TypeBox matters here because it gives Tako both sides of the shape. Per the [TypeBox docs](https://github.com/sinclairzx81/typebox), a schema is a JSON Schema object that can also infer a TypeScript type. Tako uses that JSON Schema to validate `/channels/chat?roomId=lobby` before asking your app to authorize anything, while TypeScript uses the same declaration to type `params.roomId` in your callback.

No handler means SSE: broadcast-only, replayable, simple. A handler means WebSocket: clients can send JSON frames, each frame routes through the matching handler, and the handler's return value is what gets fanned out. See [How Tako Works](/docs/how-tako-works) for the protocol view.

## Auth happens before messages

For normal SSE requests, auth can ride in headers or cookies. Browser WebSockets are trickier because the constructor does not let client code set arbitrary headers. Tako handles that with a first text frame:

```json
{ "type": "tako.auth", "token": "Bearer abc", "lastMessageId": "123" }
```

If a channel requires header auth and the WebSocket upgrade did not include that header, the proxy waits up to five seconds for this frame. It parses the token as the declared header value, asks your app's `verify` callback through `POST /channels/authorize`, and only then starts replaying or accepting publish frames.

That keeps auth in one place: your callback still receives `{ header, cookie, params, channel, operation }`, and `operation` tells you whether the request is subscribing, connecting, or publishing. Cookie-only auth still works too; set `headerName: false` and `cookieName` in the channel definition.

```d2
direction: right

browser: Browser {
  style.fill: "#9BC4B6"
}
proxy: Tako Proxy {
  style.fill: "#E88783"
}
app: "Your app auth callback" {
  style.fill: "#FFF9F4"
  style.stroke: "#2F2A44"
}
store: "SQLite replay window" {
  style.fill: "#E88783"
}

browser -> proxy: "GET /channels/chat?roomId=lobby\nUpgrade: websocket"
browser -> proxy: "first frame: tako.auth + lastMessageId"
proxy -> app: "POST /channels/authorize"
app -> proxy: "ok + subject + lifecycle"
proxy -> store: "replay after cursor"
proxy -> browser: "ChannelMessage frames"
```

## Publish, replay, reconnect

Server-side publish is just an import. Parameterized channels are callable, so binding params and publishing a typed message are the same motion:

```ts
import chat from "../channels/chat";

await chat({ roomId: "lobby" }).publish({
  type: "msg",
  data: { text: "hi", userId: "u_123" },
});
```

The `.$messageTypes<ChatMessages>()` call is type-only, but it is enough for TypeScript to reject the wrong message type or payload shape. At runtime, the proxy appends messages to the channel's bounded replay window and fans them out to connected clients.
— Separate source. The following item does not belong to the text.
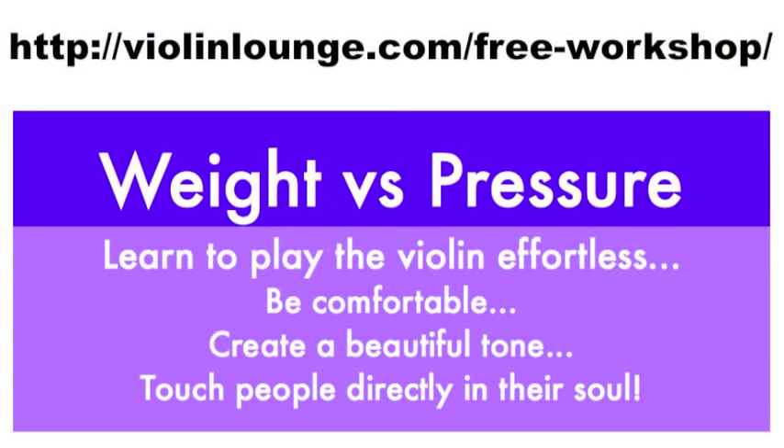Join me in the free workshop 'Weight vs Pressure' where I teach you to play the violin effortlessly with a beautiful tone. Go to www.violinlounge.com/free-workshop to get direct access. I'm sure it will be worth it!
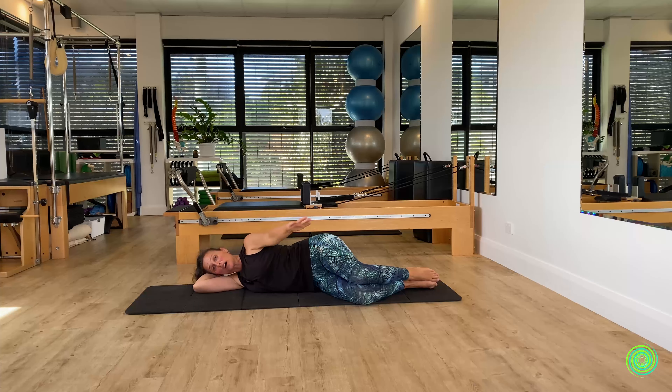If you let your arm drop too far with gravity, unpleasant things start to happen in the front of the chest, the shoulder, and the neck. Make sure your arm circle stays within the cup of the shoulder joint — a little scoop like that.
Reconnects use that same message id. SSE resumes with `Last-Event-ID`; WebSocket resumes with `last_message_id` in the query string or `lastMessageId` in the first auth frame. Browser clients keep reconnecting until explicitly closed, using bounded exponential backoff with jitter, and wake early when the browser reports it is online again. If the cursor has fallen out of the replay window, Tako returns `410 Gone` instead of pretending nothing was missed.

That is the part we care about most: params, auth, publish, replay, and reconnects are not five features you glue together. They are one channel definition, served by the same proxy that handles [deployment](/docs/deployment), [local HTTPS development](/docs/development), and the rest of your app's platform boundary. The [durable channels announcement](/blog/durable-channels-built-in) explains why Tako owns the socket; this is the TypeScript shape that makes it pleasant to use.